次のグラフは,上記のプログラムを実行したときのテストデータに対するAccuracyの変化です。

今回比較のために、ラベルなしデータ10,000件+ラベルありデータ100件による半教師あり学習と、ラベルありデータ100件のみによる教師あり学習をしました。グラフからは半教師あり学習が教師あり学習のAccuracyを上回る様子が見られて、ラベルなしデータが学習に良い効果をもたらしていることがわかります。


まとめ

半教師あり学習は、教師データ全てにラベル付けをする必要がないため最近注目を集めている分野で、特に教師データ全体に対して1%程度のデータにラベルが付いているもので学習することを目指している手法も多くあり、アノテーションにかかるコストを大幅に削減することができそうです。

また、例に挙げたような手法の具体例はそれぞれ問題に対して適している適していないがあり、ここに注意して学習手法の選択できればと思います。

半教師あり学習は、今後オンライン学習への組み込みや回帰問題への適用など様々な展開の余地があり、この分野の発展に期待できます。


参考文献

[1] Xiaojin Zhu. Semi-supervised learning literature survey. Computer Science, University of Wisconsin-Madison, Vol.2, No.3, p.4, 2006.

[2] Kamal Nigam, Andrew Kachites McCallum, Sebastian Thrun, and Tom Mitchell. Text classification from labeled and unlabeled documents using em. Machine learning, Vol.39, No.2-3, pp.103–134, 2000.

[3] Avrim Blum and Tom Mitchell. Combining labeled and unlabeled data with co-training. In Pro-ceedings of the eleventh annual conference on Computational learning theory, pp.92–100. ACM, 1998.

[4] Xiaojin Zhu, Zoubin Ghahramani, and John D Lafferty. Semi-supervised learning using gaussian fields and harmonic functions. In Proceedings of the 20th International conference on Machine learning (ICML-03), pp.912–919,2003.
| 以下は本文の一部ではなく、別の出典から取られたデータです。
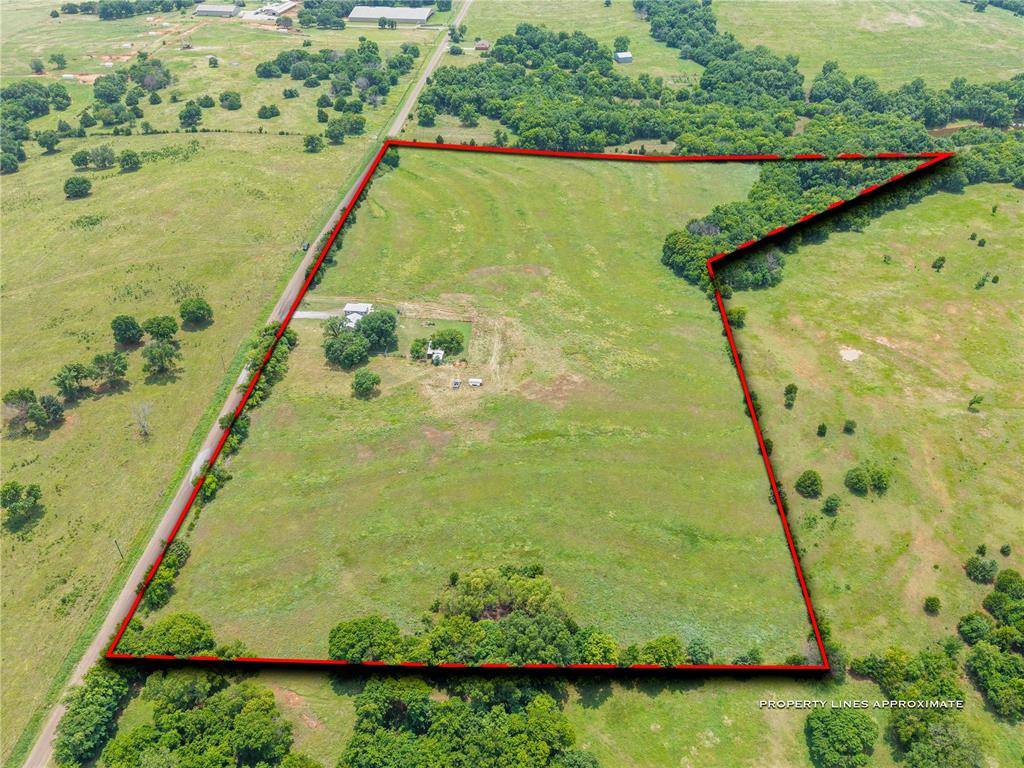 15655 Sooner AVE, Maysville, OK 73057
[5] Kristin P Bennett and Ayhan Demiriz. Semi-supervised support vector machines. In Advances in Neural Information processing systems, pp.368–374, 1999.
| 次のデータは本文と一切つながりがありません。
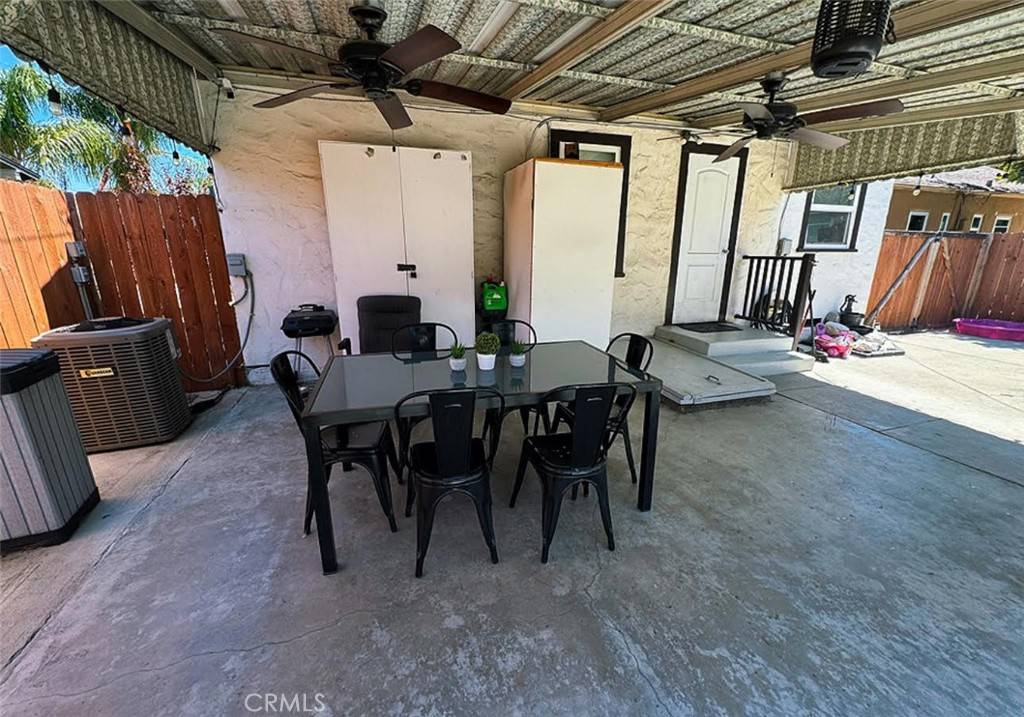 San Bernardino, CA 92405,2748 N D ST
[6] Tomoya Sakai, Marthinus Christoffel du Plessis, Gang Niu, and Masashi Sugiyama. Semi-supervised classification based on classification from positive and unlabeled data. In Proceedings of the 34th International Conference on Machine Learning, ICML 2017, Sydney, NSW, Australia, 6-11 August 2017, pp.2998–3006, 2017.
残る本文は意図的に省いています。